→ **DESCRIPTION OF THE TASK**: Write out all of the records precisely. Skip anything that is a picture.

Stored records
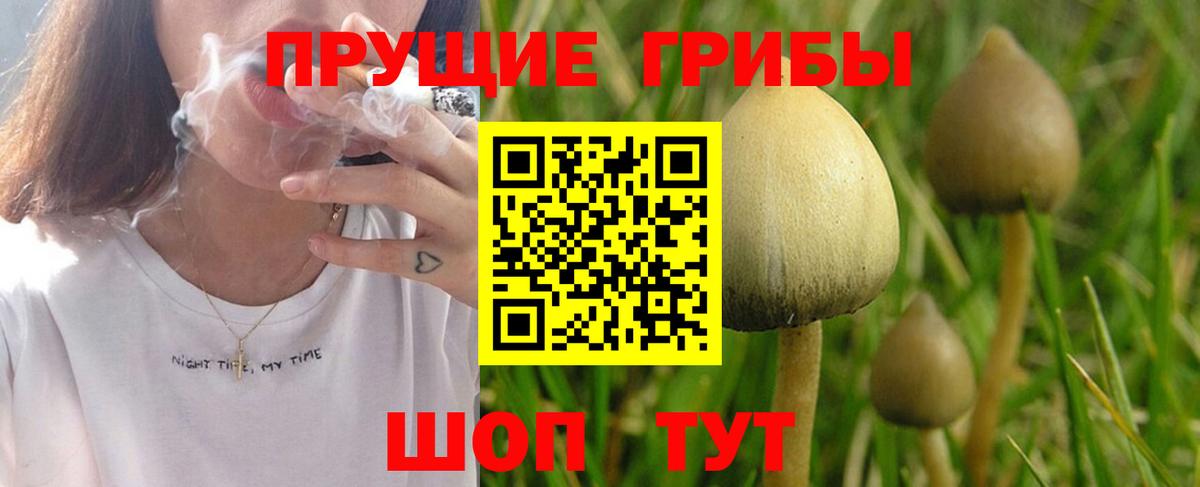 Кашира  Псилоцибиновые грибы Psilocybe  Вход с VPN 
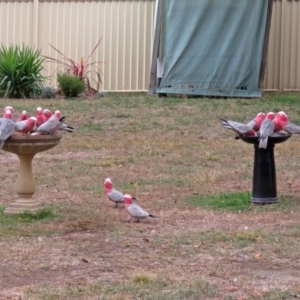 Eolophus roseicapilla at Macarthur, ACT - 21 Apr 2018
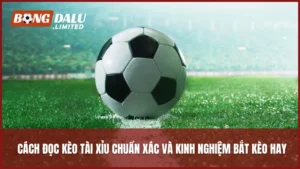 Cách Đọc Kèo Tài Xỉu Chuẩn Xác Và Kinh Nghiệm Bắt Kèo Hay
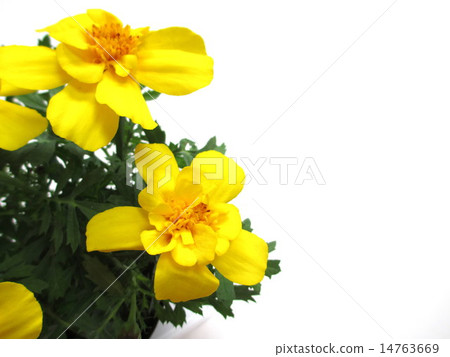 黃色萬壽菊花 14763669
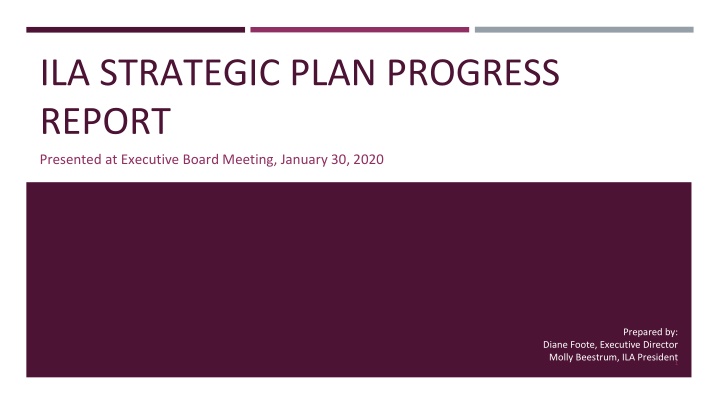 ila strategic plan progress report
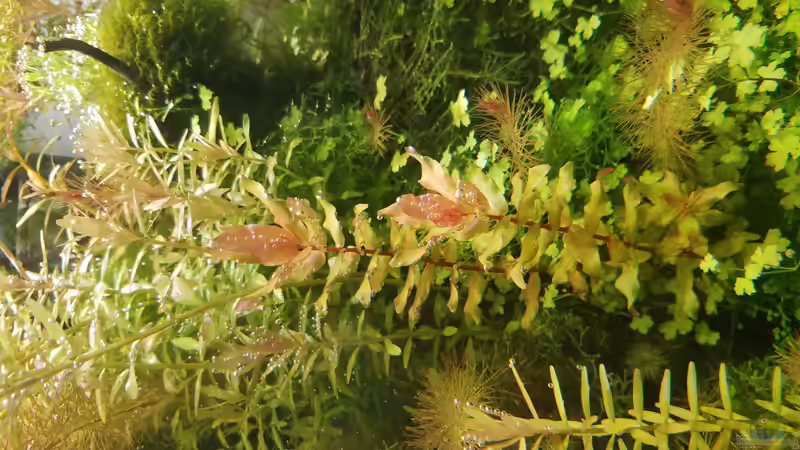 Aquarium DARIO DARIO von Smo (3)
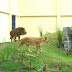 Leona ganha a companhia de Simba, que havia sido vítima de tráfico, e Parque da Bica agora tem um casal leões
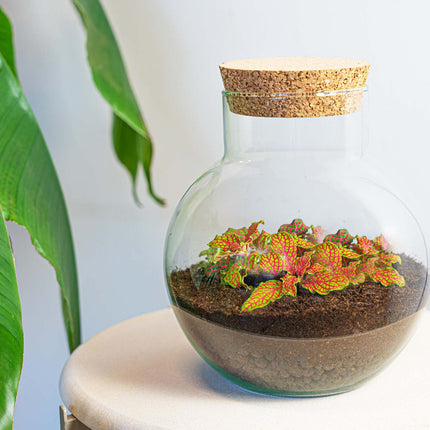 Noah - Terrarium - Bottle garden DIY kit - Ø 18.5 cm ↑ 19 cm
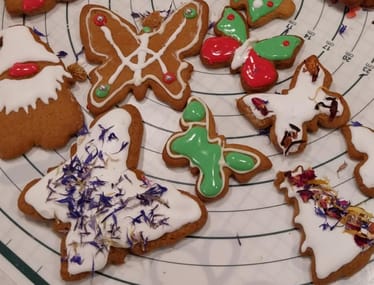 Zdjęcie główne wgrane przez użytkownika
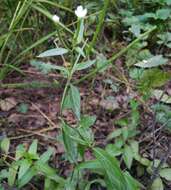 Imagem de Epilobium pseudorubescens A. K. Skvortsov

→ **ANSWER SECTION**:
 Кашира  Псилоцибиновые грибы Psilocybe  Вход с VPN 
 Eolophus roseicapilla at Macarthur, ACT - 21 Apr 2018
 Cách Đọc Kèo Tài Xỉu Chuẩn Xác Và Kinh Nghiệm Bắt Kèo Hay
 黃色萬壽菊花 14763669
 ila strategic plan progress report
 Aquarium DARIO DARIO von Smo (3)
 Leona ganha a companhia de Simba, que havia sido vítima de tráfico, e Parque da Bica agora tem um casal leões
 Noah - Terrarium - Bottle garden DIY kit - Ø 18.5 cm ↑ 19 cm
 Zdjęcie główne wgrane przez użytkownika
 Imagem de Epilobium pseudorubescens A. K. Skvortsov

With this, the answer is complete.